Norwegian politician

Bård Ludvig Thorheim (born 15 October 1976) is a Norwegian politician, researcher and former diplomat from the Conservative Party. He has been a member of parliament for Nordland since 2021.

==Political career==
===Early years===
Thorheim served as the vice chair of the Students' League of the Conservative Party between 1997 and 1999, while concurrently serving as the co-editor of the Dialog journal, which was later merged with Minerva.

===Solberg government===
Thorheim served as a political advisor to the foreign ministers Børge Brende and Ine Eriksen Søreide between 2016 and 2019 during the government of Erna Solberg.

===Parliament===
He was elected representative to the Storting from the constituency of Nordland at the 2021 election.

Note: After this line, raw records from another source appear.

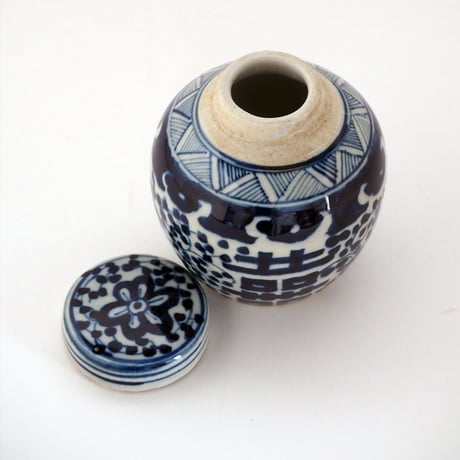 no1173-9　茶壺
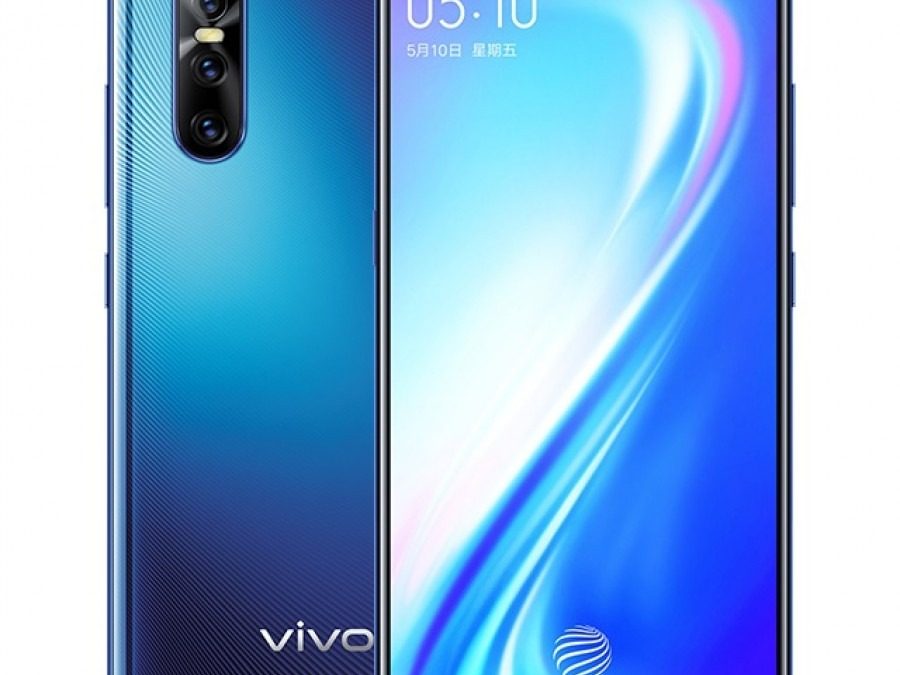 Vivo S1 Pro Might Launched in India Next Month With Snapdragon 675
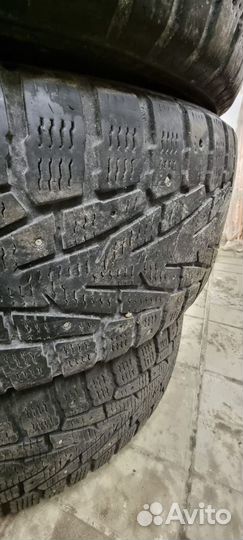 Nokian Tyres Hakkapeliitta 7 235/60 R18 94T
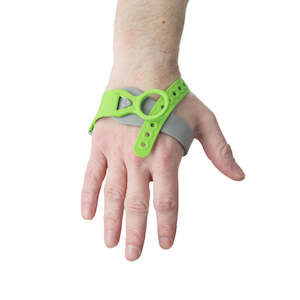 Medical equipment wholesaling: Hand Strap - Medium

In parliament, he currently sits on the Standing Committee on Energy and the Environment and the Election Committee.

==Diplomatic career==
Thorheim worked within diplomacy between 2005 and 2016. He began as a trainee at the Department of Security Policy and the High North at the Ministry of Foreign Affairs until 2008. For the next two years, he worked as the first secretary at the Norwegian embassy in Colombo, Sri Lanka before moving to the same position at the embassy in Washington, D.C. After two years in Washington D. C., he returned to the Ministry of Foreign Affairs, serving as an advisor at the Section for Peace and Reconciliation until 2015. That year he became the head of the Foreign Service Response Centre, a position he held until he was appointed advisor to the foreign minister in 2016.

==Civic career==
Aside from his diplomatic career, Thorheim has also been a guest researcher at the High North Centre at Nord University.

==Personal life==
Thorheim hails from Bodø.

===Education===
He has a graduate degree in political science and attended the Norwegian Defence University College between 1999 and 2000. As a part of his national service in the Norwegian Army, he also undertook army sergeant training in 1995.